EXERCISE -> The answer should match the records character for character.
BEGIN DATA SHOWN
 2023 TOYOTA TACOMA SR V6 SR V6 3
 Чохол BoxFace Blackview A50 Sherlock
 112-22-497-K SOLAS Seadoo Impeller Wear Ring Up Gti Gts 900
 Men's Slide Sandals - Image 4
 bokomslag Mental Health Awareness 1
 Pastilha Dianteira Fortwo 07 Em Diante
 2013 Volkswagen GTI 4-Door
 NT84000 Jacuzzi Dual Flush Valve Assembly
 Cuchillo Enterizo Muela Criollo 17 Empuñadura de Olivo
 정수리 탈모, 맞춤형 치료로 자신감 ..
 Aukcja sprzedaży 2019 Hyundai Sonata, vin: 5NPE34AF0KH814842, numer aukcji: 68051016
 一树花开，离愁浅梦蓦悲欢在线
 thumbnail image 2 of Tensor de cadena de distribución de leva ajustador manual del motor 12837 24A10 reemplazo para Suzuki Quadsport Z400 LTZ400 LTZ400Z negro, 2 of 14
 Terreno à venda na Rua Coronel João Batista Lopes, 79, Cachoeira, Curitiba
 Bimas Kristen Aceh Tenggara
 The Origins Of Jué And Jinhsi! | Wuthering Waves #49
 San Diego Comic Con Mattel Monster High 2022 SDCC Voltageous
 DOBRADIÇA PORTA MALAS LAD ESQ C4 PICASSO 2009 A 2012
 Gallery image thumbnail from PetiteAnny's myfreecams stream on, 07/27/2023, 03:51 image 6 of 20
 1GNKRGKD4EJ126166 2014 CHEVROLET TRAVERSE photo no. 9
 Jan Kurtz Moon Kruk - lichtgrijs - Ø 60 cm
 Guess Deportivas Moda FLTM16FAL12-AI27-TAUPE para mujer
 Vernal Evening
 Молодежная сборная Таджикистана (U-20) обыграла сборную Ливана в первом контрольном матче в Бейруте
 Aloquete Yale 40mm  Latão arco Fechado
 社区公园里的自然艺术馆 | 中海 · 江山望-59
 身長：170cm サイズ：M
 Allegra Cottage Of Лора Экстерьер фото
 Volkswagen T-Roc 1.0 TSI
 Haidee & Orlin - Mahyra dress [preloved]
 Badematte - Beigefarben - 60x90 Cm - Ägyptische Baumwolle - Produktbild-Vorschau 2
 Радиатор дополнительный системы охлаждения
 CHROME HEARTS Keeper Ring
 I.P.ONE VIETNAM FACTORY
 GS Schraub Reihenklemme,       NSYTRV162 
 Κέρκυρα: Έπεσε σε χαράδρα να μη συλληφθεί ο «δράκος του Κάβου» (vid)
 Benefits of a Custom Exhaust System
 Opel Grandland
END DATA SHOWN
ANSWER SPACE ->
 2023 TOYOTA TACOMA SR V6 SR V6 3
 Чохол BoxFace Blackview A50 Sherlock
 112-22-497-K SOLAS Seadoo Impeller Wear Ring Up Gti Gts 900
 Men's Slide Sandals - Image 4
 bokomslag Mental Health Awareness 1
 Pastilha Dianteira Fortwo 07 Em Diante
 2013 Volkswagen GTI 4-Door
 NT84000 Jacuzzi Dual Flush Valve Assembly
 Cuchillo Enterizo Muela Criollo 17 Empuñadura de Olivo
 정수리 탈모, 맞춤형 치료로 자신감 ..
 Aukcja sprzedaży 2019 Hyundai Sonata, vin: 5NPE34AF0KH814842, numer aukcji: 68051016
 一树花开，离愁浅梦蓦悲欢在线
 thumbnail image 2 of Tensor de cadena de distribución de leva ajustador manual del motor 12837 24A10 reemplazo para Suzuki Quadsport Z400 LTZ400 LTZ400Z negro, 2 of 14
 Terreno à venda na Rua Coronel João Batista Lopes, 79, Cachoeira, Curitiba
 Bimas Kristen Aceh Tenggara
 The Origins Of Jué And Jinhsi! | Wuthering Waves #49
 San Diego Comic Con Mattel Monster High 2022 SDCC Voltageous
 DOBRADIÇA PORTA MALAS LAD ESQ C4 PICASSO 2009 A 2012
 Gallery image thumbnail from PetiteAnny's myfreecams stream on, 07/27/2023, 03:51 image 6 of 20
 1GNKRGKD4EJ126166 2014 CHEVROLET TRAVERSE photo no. 9
 Jan Kurtz Moon Kruk - lichtgrijs - Ø 60 cm
 Guess Deportivas Moda FLTM16FAL12-AI27-TAUPE para mujer
 Vernal Evening
 Молодежная сборная Таджикистана (U-20) обыграла сборную Ливана в первом контрольном матче в Бейруте
 Aloquete Yale 40mm  Latão arco Fechado
 社区公园里的自然艺术馆 | 中海 · 江山望-59
 身長：170cm サイズ：M
 Allegra Cottage Of Лора Экстерьер фото
 Volkswagen T-Roc 1.0 TSI
 Haidee & Orlin - Mahyra dress [preloved]
 Badematte - Beigefarben - 60x90 Cm - Ägyptische Baumwolle - Produktbild-Vorschau 2
 Радиатор дополнительный системы охлаждения
 CHROME HEARTS Keeper Ring
 I.P.ONE VIETNAM FACTORY
 GS Schraub Reihenklemme,       NSYTRV162 
 Κέρκυρα: Έπεσε σε χαράδρα να μη συλληφθεί ο «δράκος του Κάβου» (vid)
 Benefits of a Custom Exhaust System
 Opel Grandland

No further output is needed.